I got the old u-joint out and had a fabrication shop press in the new one
to the specs buried somewhere in Diesel911's thread.

They got it to within 3/1000 the of the centering spec.
Centering the ujoint precisely is important.
The ujoint is a GMB 220-7284
Part # 900 410 00 31 at a certain AZ parts place.

Hardly any shops have the 20K machine to stake in the u-joint and the
fabrication shop just welded in some washers to hold it all in place.
I have put about 6K on the drive shaft since and there is no vibration.
I inspected it a month after I put it in and all was good.
I plan to get under there and reinspect the center support and welds to make sure
all is well before a road trip next month.
Going down to Big Sur to photograph & go camping with a bunch of friends:-)

Jeff

Rooster300SD 03-31-2016 12:58 PM

1 Attachment(s)
Here's a photo of the tack weld the shop did for the ujoint retaining washers.

Jeff

t walgamuth 04-01-2016 12:17 AM

Quote:

Originally Posted by Rooster300SD (Post 3585886)
Here's a photo of the tack weld the shop did for the ujoint retaining washers.

Jeff

Oops! I'd be leary of that.

Zulfiqar 04-01-2016 01:08 PM

I have seen some subaru owners do that and some BMW owners do that too. If the joint is centered correctly and locked in place everything works good.

Diesel911 04-01-2016 03:27 PM

Quote:

Originally Posted by Rooster300SD (Post 3585886)
Here's a photo of the tack weld the shop did for the ujoint retaining washers.

Jeff

Did they re-balance the Shaft after changing the U-joint and welding the Washers in place?

t walgamuth 04-01-2016 04:29 PM

I'd be less worried if the washer was the right diameter.;)

Rooster300SD 04-01-2016 05:24 PM

The shop that pressed in the u-joint and welded in the washers
is not a driveline shop.

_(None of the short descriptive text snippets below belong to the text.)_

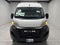 2026 RAM Ram ProMaster SLT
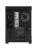 Системный блок Bloody BD-PC CB76V2 TWR, Intel Core i5-14400F/32 ГБ DDR5/1024 ГБ SSD/NVIDIA GeForce RTX 5070 (12 Гб)/Windows 11 Home, черный (2142027) Системный блок Bloody BD-PC CB76V2 TWR, Intel Core i5-14400F/32 ГБ DDR5/1024 ГБ SSD/NVIDIA GeForce RTX 5070 (12 Гб)/Windows 11 Home, черный (2142027)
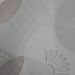 Tablecloth-beige-Wasibleuninap-Buiten-Garden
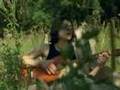 Another Sad Song from Bandits (1997) 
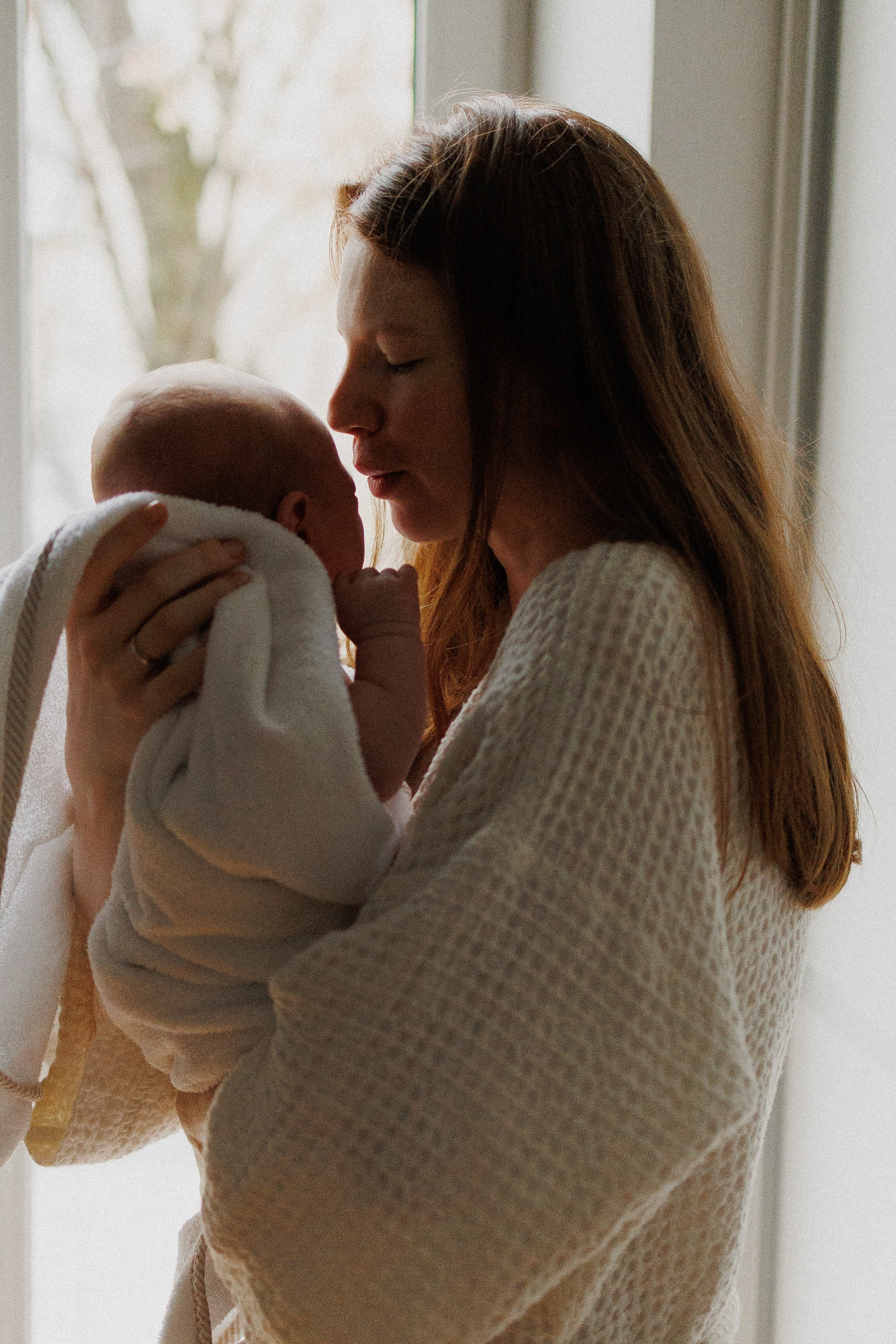 . Фотограф в Москве Виктория Губина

After I had the work done I took it to
the only shop in town that can balance MB driveshafts and they
refused to check the balance as they did not do the work.
They wanted around $500 to put in the u-joint & balance.
I think it was around $100 to just balance, but they refused to do that.

After installing, I did the chalk balancing test myself and all seemed good.

I have done a number of road trips since then with no problems.
I plan to get under there this weekend and check things out.
I sprayed a light coat of paint on it before installing thinking if
there was any problem the paint would show cracking.

If the carrier bearing and u-joint don't show any cracks I feel
pretty comfortable with this. I don't feel any vibration and we have
a newly paved very smooth stretch of highway here.